Nigeria has recorded its first trade deficit with the United Kingdom since 2009, with merchandise imports from the former colonial master in 2016 exceeding shipments of Nigerian merchandise to it.
An analysis of international trade data from the National Bureau of Statistics showed that Nigeria imported N362.87bn worth of goods from the UK and exported N300.66bn to the European country last year, recording a negative trade balance or net export of N62.21bn.
The value of imports from the UK to Nigeria grew by 28 per cent year-on-year from N283.76bn, while export to the UK from Nigeria shrank by 28 per cent from N414.85bn in 2015.
Analysts said this was a reflection of the state of foreign trade in the country in 2016, in which imports out performed exports by N290.13bn as a result of the plunging revenue from crude oil exports. The country imported products worth N8.82tn and exported merchandise valued at N8.53tn.
“The terms of trade worsened in a way that the volume of exported products dropped significantly,” the Managing Director/Chief Executive Officer, Cowry Assets Management Limited, Mr. Johnson Chukwu, said.

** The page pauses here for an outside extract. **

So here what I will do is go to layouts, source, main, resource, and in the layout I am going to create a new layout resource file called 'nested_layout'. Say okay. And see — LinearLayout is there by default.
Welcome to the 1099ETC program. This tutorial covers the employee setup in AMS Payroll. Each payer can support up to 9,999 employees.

Before 2016, the data showed that Nigeria had recorded trade surpluses with the United Kingdom for six consecutive years, with the highest positive balance of trade of N1.11tn in 2012.
The statistics indicated a trade surplus of N4.91bn in 2010, which expanded to N970.42bn in 2011 and peaked at N1.11tn in 2012.

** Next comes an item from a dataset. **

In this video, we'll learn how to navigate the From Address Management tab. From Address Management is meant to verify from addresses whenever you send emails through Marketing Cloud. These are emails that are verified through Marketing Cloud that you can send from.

In 2013, the NBS data indicated that the balance of trade between both countries shrank to N362.87bn; grew to N535.63bn in 2014 and further reduced to N131.09bn in 2015.
Despite the shortfall in export by Nigeria to the European country in the year under review, the UK remained one of Nigeria’s top 10 export destinations.

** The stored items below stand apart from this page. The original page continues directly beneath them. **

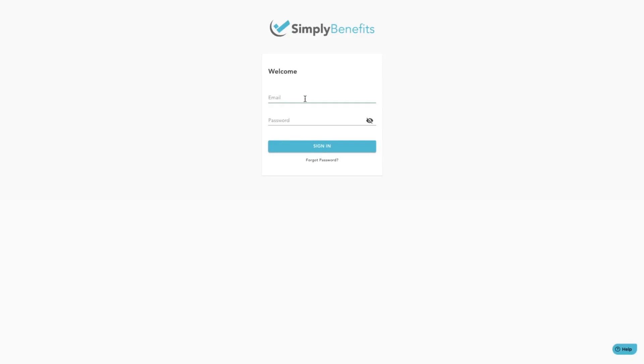You are now an enrolled member. Now just log into your account and add your banking details to be reimbursed for claims.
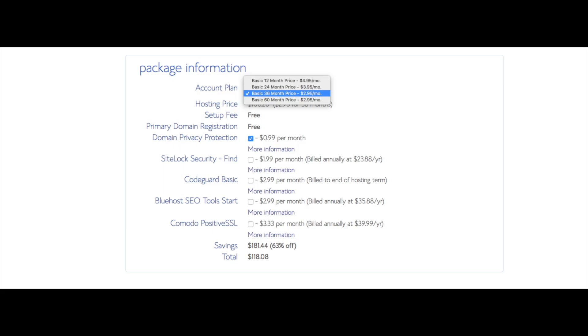The setup fee is free. Domain is free. You'll see site backup pro. You can unselect this as there are free backup plugins you can use for your WordPress website. Search engine jumpstart you can keep unselected. This isn't necessary to have. SiteLock Security Find is security for your WordPress website and protects it from hackers. I'd unselect this as there are really good free alternatives. Domain Privacy is an add-on that I highly recommend. It will prevent telemarketers and marketers getting a hold of your personal contact information. The domain privacy will show Bluehost information for the site and not yours. All these add-ons are completely optional and up to you to get.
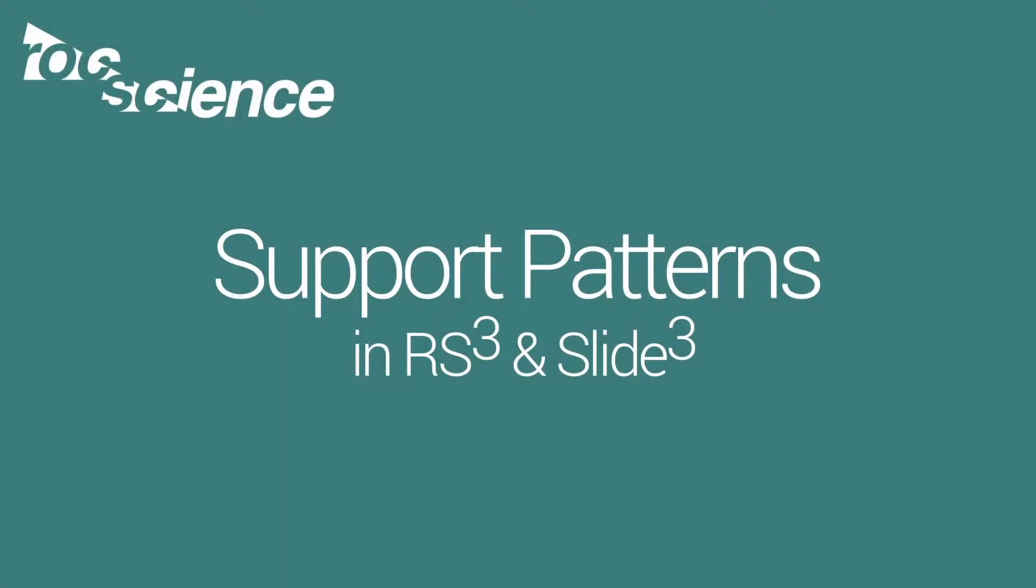Welcome to a RockScience feature video. Here we will demonstrate how support patterns can be added to a slope model. All features are available in both RS3 and Slide3. Results will be compared before and after adding supports.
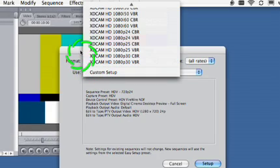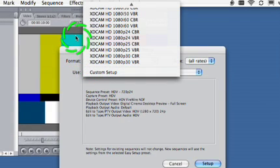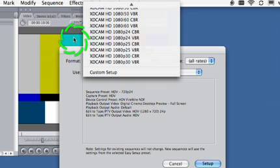I'm going to look up here, and I'm seeing that I have the option to set everything up for XDCAM HD 1080p 24 in VBR.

Further analysis showed that Nigeria’s trade with Europe as a whole in 2016 also resulted in a negative balance of trade of N1.05tn as against a trade surplus of N1.31tn in 2015.
Explaining the factors responsible for the negative balance of trade, Chukwu said the global fall in oil prices and shrinking volume of crude oil produced had adversely affected the value of Nigeria’s export to the UK.
He stated, “Nigeria’s export to the UK is majorly crude oil. If you observe, in the last quarter of last year, the country started recording negative trade balances. Even if we still exported the same volume of crude to the UK, the price had dropped drastically; therefore, the value of our export was quite low.
“It was principally due to low prices of crude oil last year. In the case of Nigeria, we had double whammy; the price of crude went down and the volume dropped because of heightened militancy in the Niger Delta. These two factors are why the trade balances with most of our trading partners became negative and the overall balance of trade was negative in 2016.”
The Forcados export terminal, through which one of Nigeria’s largest crude oil grades is being exported, was shut down around February last year for more than a year after militants’ attacked the oil pipeline.
The Minister of State for Petroleum Resources, Dr. Ibe Kachikwu, had said that between January and June 2016, over 1,000 incidents of vandalism were recorded and resulting in a loss of 109 million litres of petroleum products and 560,000 barrels of crude oil, with the country producing 1.5 million barrels per day as against the 2.2 million bpd targeted in the budget.
According to the Director-General, Lagos Chamber of Commerce and Industry, Mr. Muda Yusuf, the UK may not be buying much of Nigeria’s crude oil again because about 80 per cent of the country’s export to it was oil.
“If there was any country that was buying our oil before and for any reason stopped buying our oil, it will immediately show in our balance of trade. The UK may be buying elsewhere as against buying from Nigeria. Because the oil price and output dropped, our capacity to export was also affected,” he stated.
Nigerian importers and exporters had entertained fears that the referendum by the UK on whether to remain or leave the European Union would impact their business interests, with many delaying their international trade business decisions due to uncertainties of Brexit’s effect on existing trade policies.
However, the British High Commissioner to Nigeria, Paul Arkwright, had last year assured Nigerians that the Brexit would not change the existing bilateral trade relationship between the two countries.
He, however, emphasised that there would be no attempt by the UK to remain inside the EU or re-join the continent as there would be no second referendum.
The envoy gave an assurance that investment in Nigeria by British companies and cultural links between the two countries would not waver.
He urged Nigerians to strengthen trade and investment ties between both countries by taking advantage of the Brexit to attract British business interests divesting from other regions to Nigeria.